We have described an optimized procedure for the electrocatalytic reduction of CO₂ to ethanol based on the rational design and modification of bimetallic catalysts. Electrocatalytic results show that Cu/Au heterojunctions can lead to the selective conversion of CO₂ to ethanol in 60% yield, a result in agreement with the results of DFT calculations. Exploitation of the reactivity toward CO₂ was extended by using a GDE, resulting in a long-term electrode stability of over 90 h at 500 mA cm⁻².

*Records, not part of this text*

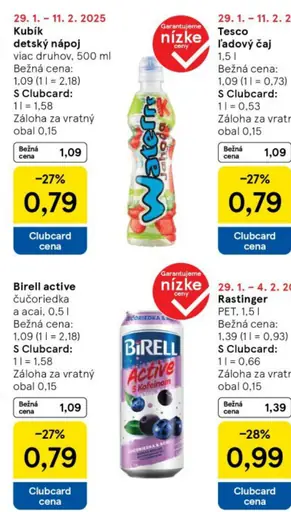 Tesco čaj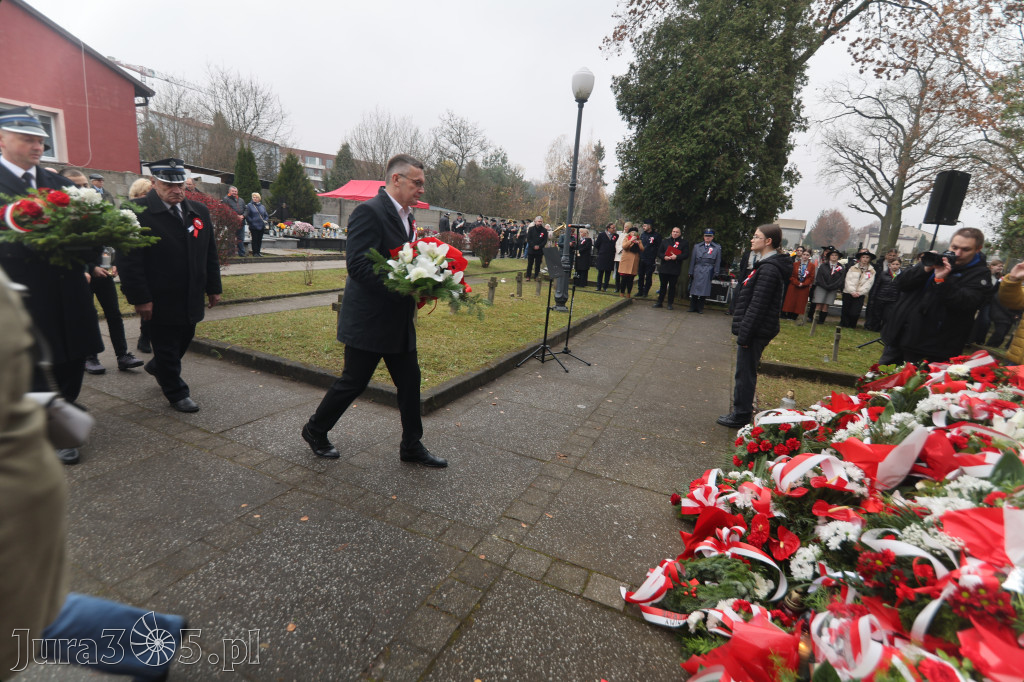 Fotorelacja: Święto Niepodległości w Zawierciu
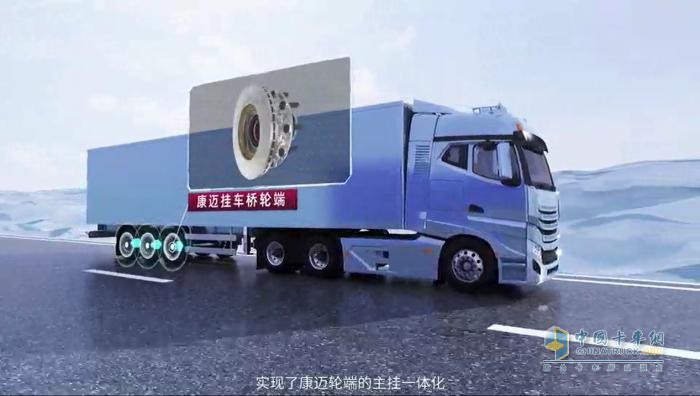 康邁輪端主掛一體：安全、經(jīng)濟、高效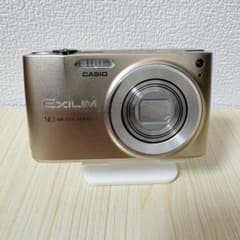 CASIO EXILIM EX-Z400 ゴールド デジカメ 動作未確認 - メルカリ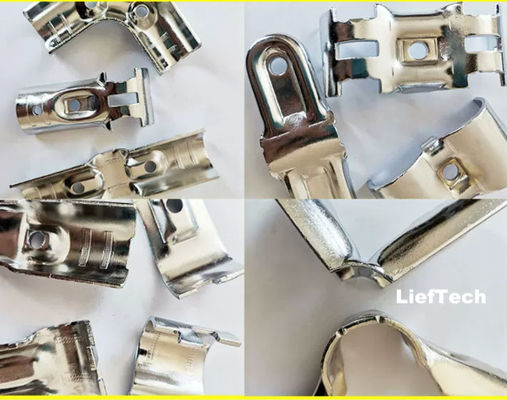 Connettore di tubi e accessori cromati verticali a forma di T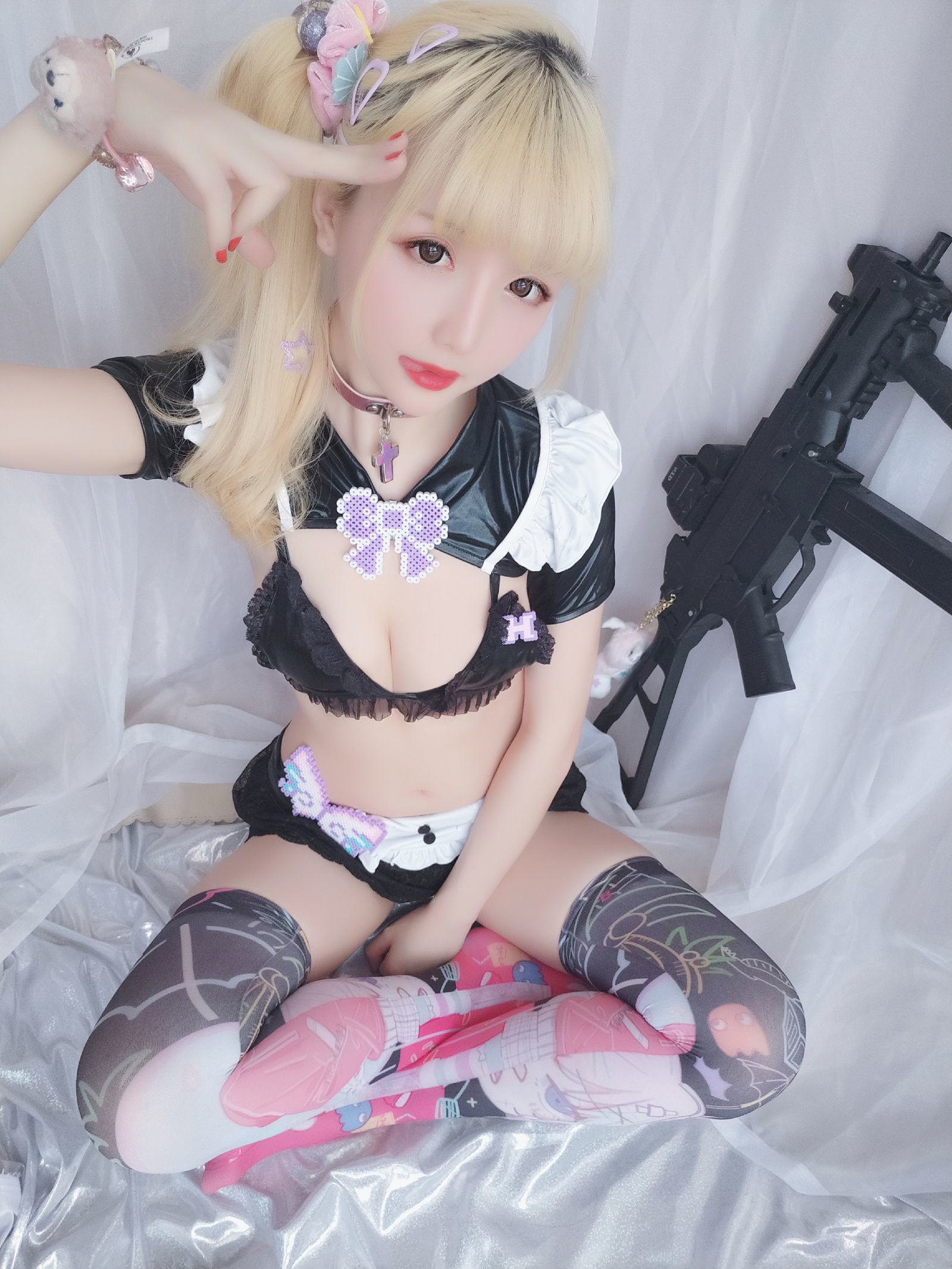 [萝莉COS] 星之迟迟 VOL.18 战斗妹抖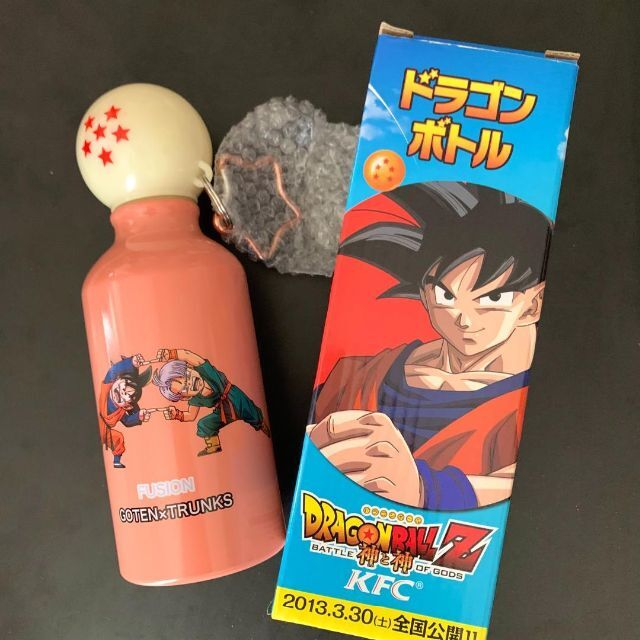 DRAGON BALL Ｚ神と神☆非売品ボトル水筒 ＫＦＣ - 食器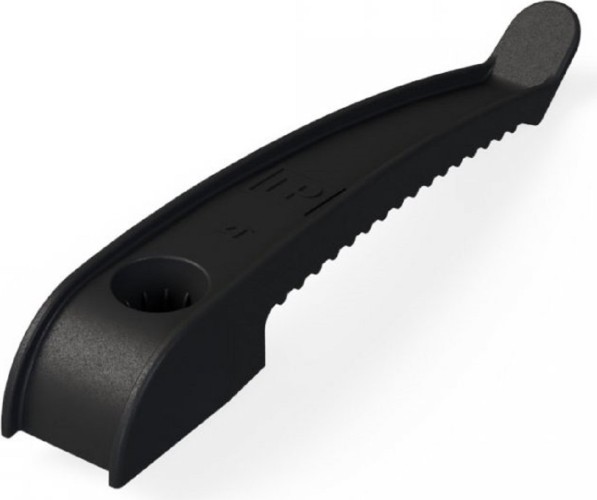 Держатель кабеля ПРОМРУКАВ PR13.0381 односторонний для прямого монтажа черный 20шт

Utilization of in situ ATR-IR spectroscopy reinforces the results of computational calculations with both pointing to the appearance of the intermediate OCCOH* as an important element in the asymmetrical electrohydrogenation of CO₂ to ethanol. The overall results presented here also highlight the fact that utilization of Cu/Au heterojunctions can occur under conditions appropriate for the formation of ethanol under conditions appropriate for industrial production.

Materials and Methods

Full experimental details and procedures for the synthesis of the samples used in the present study are described in SI Appendix.

Supplementary Material

Appendix 01 (PDF)

Data, Materials, and Software Availability

All study data are included in the article and/or SI Appendix.